The 2nd element is Helium. If you’re like me, when you think of Helium, you automatically think of a helium balloon. When you let it go, it’s the type that floats up into the sky. Now imagine an enormous helium balloon. Make it the size of a car and picture it attached to the water hydrant. Because the helium balloon is so big and has so much lifting power, it starts to lift the water hydrant up off the sidewalk. Together they slowly float up into the air and away into the sky. Now, when you visualize the helium balloon floating upwards, you’ll know the 2nd element is Helium.
The 3rd element is Lithium.
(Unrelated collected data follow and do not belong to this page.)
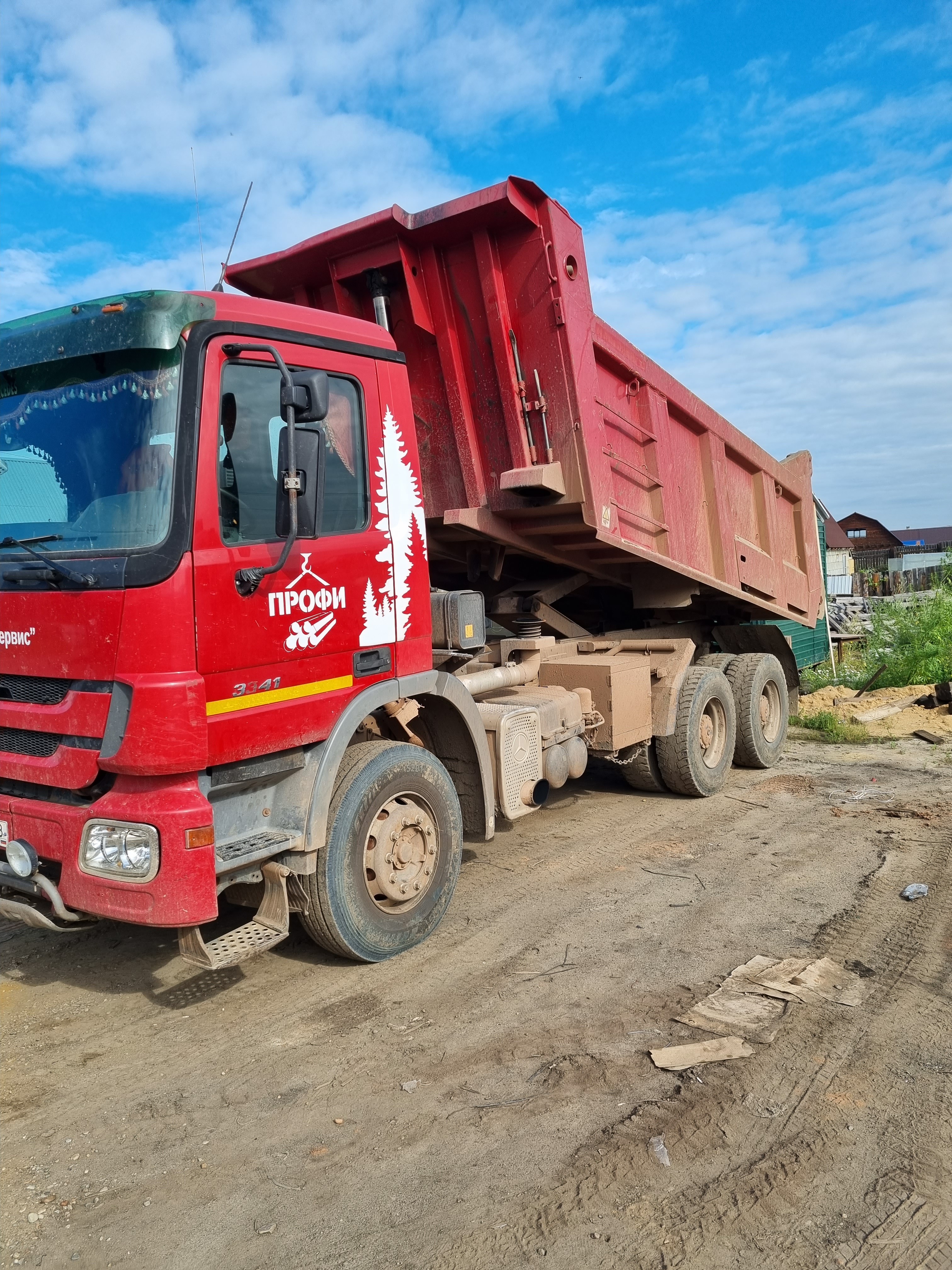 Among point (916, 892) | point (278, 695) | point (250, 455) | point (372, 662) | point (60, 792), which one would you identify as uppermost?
point (250, 455)

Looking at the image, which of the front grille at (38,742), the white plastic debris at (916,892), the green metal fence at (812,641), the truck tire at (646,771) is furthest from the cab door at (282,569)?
the green metal fence at (812,641)

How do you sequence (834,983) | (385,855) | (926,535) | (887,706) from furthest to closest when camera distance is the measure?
(926,535) → (887,706) → (385,855) → (834,983)

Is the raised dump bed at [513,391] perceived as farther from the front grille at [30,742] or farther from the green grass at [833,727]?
the green grass at [833,727]

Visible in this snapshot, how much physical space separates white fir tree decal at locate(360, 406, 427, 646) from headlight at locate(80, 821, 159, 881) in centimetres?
120

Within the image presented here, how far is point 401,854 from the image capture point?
154 inches

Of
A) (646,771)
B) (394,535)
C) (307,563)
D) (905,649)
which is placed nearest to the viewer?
(307,563)

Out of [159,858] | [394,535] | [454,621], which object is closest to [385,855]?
[159,858]

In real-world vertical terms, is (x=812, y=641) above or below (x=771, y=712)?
above

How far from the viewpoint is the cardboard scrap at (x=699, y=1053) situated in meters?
3.01

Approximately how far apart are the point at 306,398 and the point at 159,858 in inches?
64.9

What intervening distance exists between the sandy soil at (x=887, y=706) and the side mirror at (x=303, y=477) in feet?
24.5

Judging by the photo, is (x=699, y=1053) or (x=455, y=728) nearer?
(x=699, y=1053)

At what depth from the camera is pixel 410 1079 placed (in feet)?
9.89

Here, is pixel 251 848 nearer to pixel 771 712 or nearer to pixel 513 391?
pixel 513 391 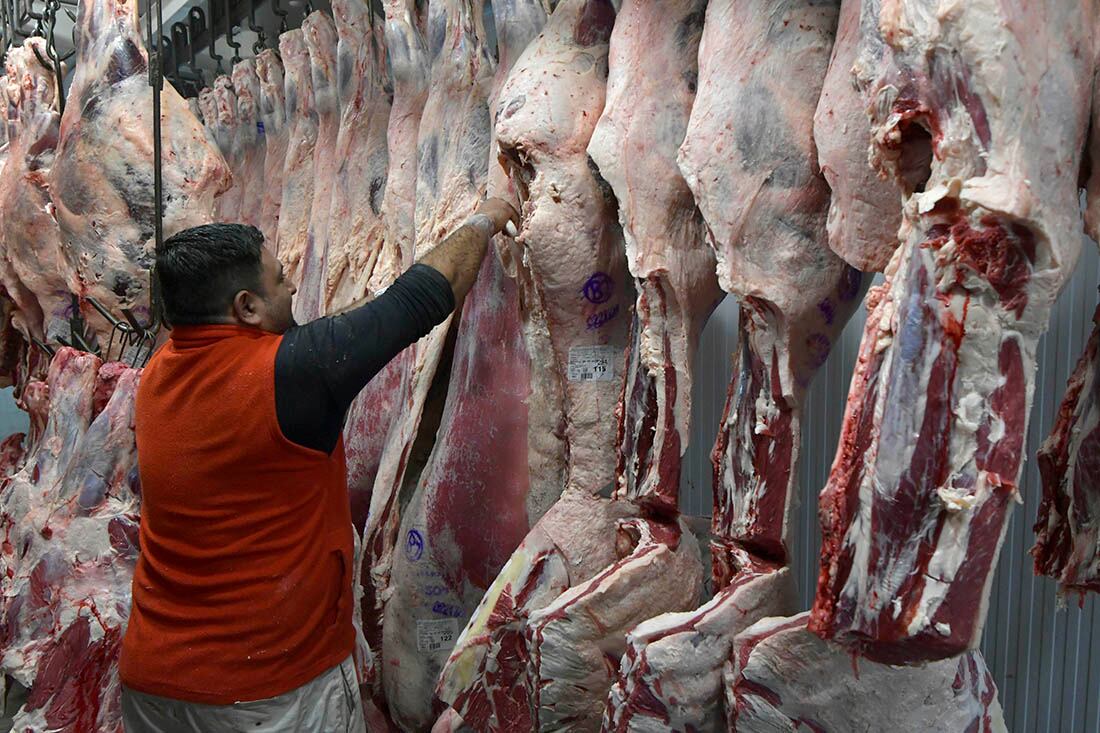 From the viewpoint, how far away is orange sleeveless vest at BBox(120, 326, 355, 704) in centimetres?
180

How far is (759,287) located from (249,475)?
93cm

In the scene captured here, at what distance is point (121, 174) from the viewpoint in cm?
285

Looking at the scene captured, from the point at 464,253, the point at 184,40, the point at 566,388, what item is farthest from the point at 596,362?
the point at 184,40

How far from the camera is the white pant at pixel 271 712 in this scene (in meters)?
1.88

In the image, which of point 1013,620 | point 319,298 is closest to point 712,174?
point 1013,620

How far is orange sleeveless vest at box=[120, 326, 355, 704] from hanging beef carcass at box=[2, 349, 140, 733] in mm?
642

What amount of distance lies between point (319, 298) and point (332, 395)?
128cm

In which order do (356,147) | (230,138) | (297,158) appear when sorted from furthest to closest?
(230,138) < (297,158) < (356,147)

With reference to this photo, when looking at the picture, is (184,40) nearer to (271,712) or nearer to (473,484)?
(473,484)

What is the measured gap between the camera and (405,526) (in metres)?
2.42

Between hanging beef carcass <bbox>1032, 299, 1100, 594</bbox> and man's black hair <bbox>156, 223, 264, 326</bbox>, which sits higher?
man's black hair <bbox>156, 223, 264, 326</bbox>

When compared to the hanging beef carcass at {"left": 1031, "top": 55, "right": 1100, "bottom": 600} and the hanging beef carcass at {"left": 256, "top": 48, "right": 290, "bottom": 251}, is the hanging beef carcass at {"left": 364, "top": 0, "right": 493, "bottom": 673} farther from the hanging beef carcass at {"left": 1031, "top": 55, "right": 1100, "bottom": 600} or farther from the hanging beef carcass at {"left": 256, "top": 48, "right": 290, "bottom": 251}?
the hanging beef carcass at {"left": 1031, "top": 55, "right": 1100, "bottom": 600}

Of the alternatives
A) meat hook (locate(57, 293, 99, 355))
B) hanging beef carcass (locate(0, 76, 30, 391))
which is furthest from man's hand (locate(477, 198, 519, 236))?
hanging beef carcass (locate(0, 76, 30, 391))

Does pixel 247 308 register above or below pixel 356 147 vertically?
below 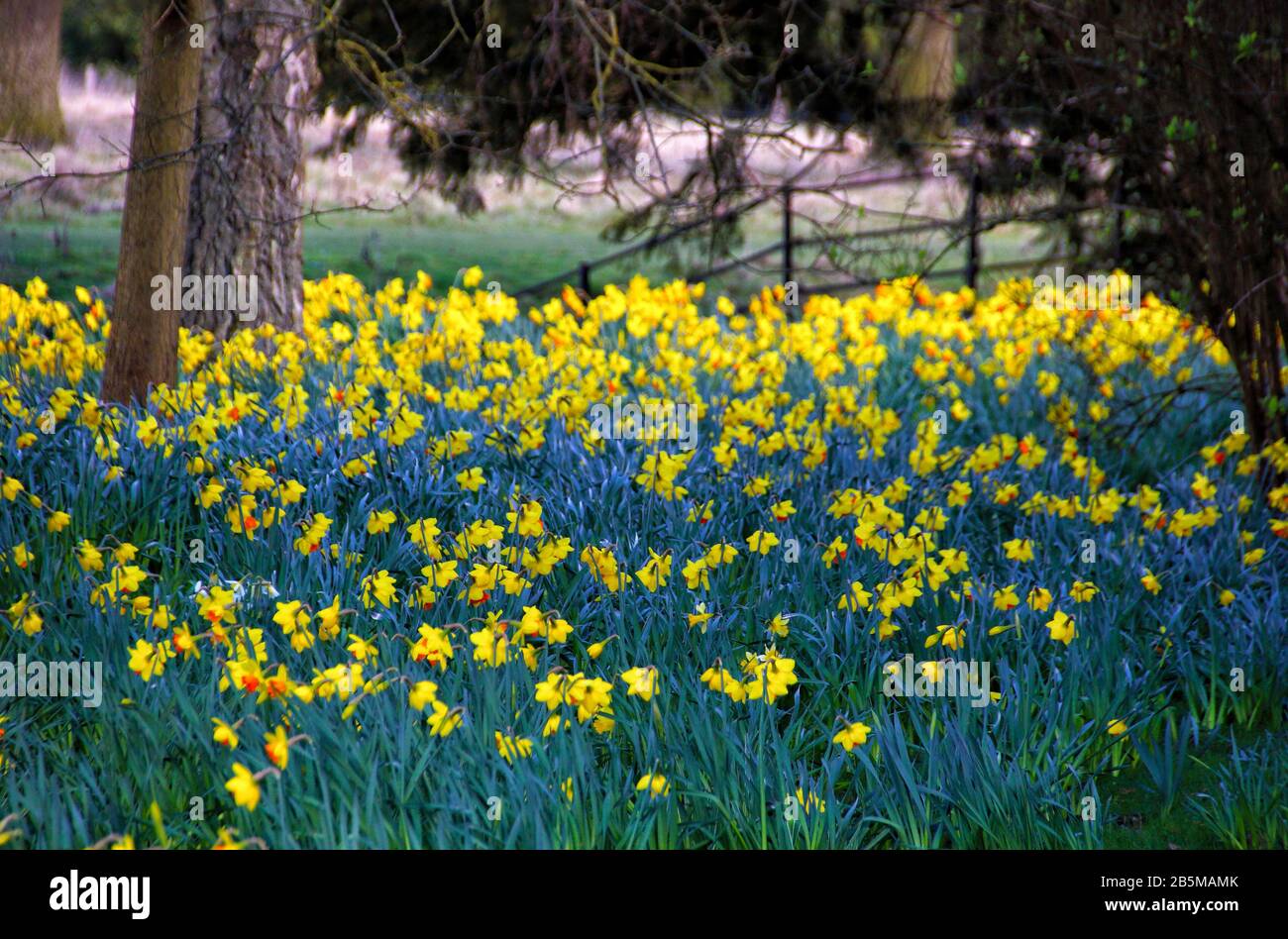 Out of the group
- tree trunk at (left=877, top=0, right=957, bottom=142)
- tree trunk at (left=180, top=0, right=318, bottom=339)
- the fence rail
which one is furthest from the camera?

Lithium sounds a bit like “lithp”. People that have a lisp – a type of speech impediment – aren’t able to pronounce “lisp” and say “lithp”. Let’s pretend the large helium balloon has a lisp. It also has a small hole in it, causing the balloon to slowly deflate. Usually a balloon with a hole in it will make a slow “ssss” sound, but because this balloon has a lisp or “lithp”, it makes a “thhh” sound. Visualize the large balloon slowly deflating making a “thhh” sound. When you think of the balloon’s “lithp”, you’ll be reminded of the 3rd element, Lithium.
The 4th element is Beryllium. If you say Beryllium slowly, it sounds like “bee really yum”. Picture your slowly deflating balloon. Imagine an enormous bumble bee lands on the balloon. The bee is the size of a football and has bright yellow and black stripes and buzzes loudly. The bee licks the balloon to have a taste and says, “that’s really yum!” It really likes the taste of the balloon. When you picture the bee licking the balloon, you’ll think, “bee really yum”, and be reminded of the 4th element, Beryllium.
The 5th element is Boron. We can break up the word Boron into “bore” and “on”. The word “bore” can mean to drill a hole. Picture now the bee, after tasting the balloon. It uses its stinger, pierces the balloon and starts to spin around in a drilling motion. The bee has landed on the balloon, tasted it, and now it’s started to “bore on” the balloon. When you picture the bee begin to bore on the balloon, you’ll remember the 5th element, Boron.